Traditionally, displaced supracondylar fractures are regarded as high risk injuries, where neurovascular compromise occurs in 5-20% of cases at presentation24,25. Although percutaneous pinning reduced the prevalence of cubitus varus and vascular complications, it is associated with complications, including nerve injury, deformity, elbow stiffness, and pin infection that range from 1.2% to 20%3,12,26,27. In our study, we noted a 6% pin site infection rate in the skeletal traction group. This complication with similar prevalence (4%) has also been reported with percutaneous pinning2. Iatrogenic nerve injury following percutaneous pinning was reported in 2.6% to 5% of cases2,28,29.

Limitations of the study

One of the limitations of this study was a relatively high proportion of patients lost in follow-up, 16.7% and 14.9%, respectively, in skin and skeletal traction groups. Our data, however, are comparable with other orthopaedic studies where the means of the total proportions of patients lost to follow-up were 14% with a follow-up time of up to six months30. Another constraint was the 3-month-short follow-up period, which might have possibly negatively affected the functional results of the treatment, as it has been shown in other studies8,23 that flexion limitation returns to normal in 9-12 moths for the majority of children, especially in children less than 10 years of age. Although we did radiological assessment, we did not show results of Bauman angle because we thought like other authors 21 that the angle changes with the rotation of the arm, and with non-perfect technique it is unreliable. Secondly, Flynn’s criteria focusing on functional and cosmetic outcome has become the standard measurement tool used in most of the studies of this fracture. 

Conclusions

In a low-technical setting, elevated, straight-arm skin traction is a good treatment option for displaced humeral supracondylar fractures.
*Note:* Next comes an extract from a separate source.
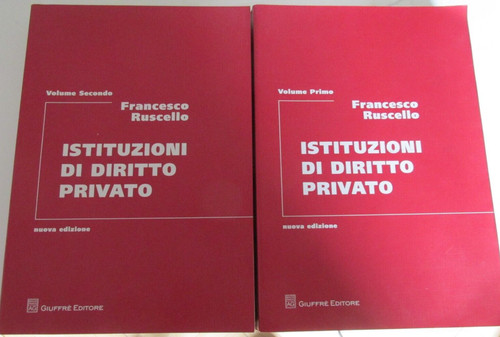 Istituzioni diritto privato - di,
It does not only yield results comparable to percutaneous pinning in specialized centers, but also has several advantages, such as relatively easy application, no need for high-technical equipment, specialist orthopaedic surgeon, an operating theatre and general anaesthesia.

Although in our study the overhead skeletal traction group did not differ significantly from skin traction group with regards to the prevalence of varus deformity, it showed slightly inferior functional results.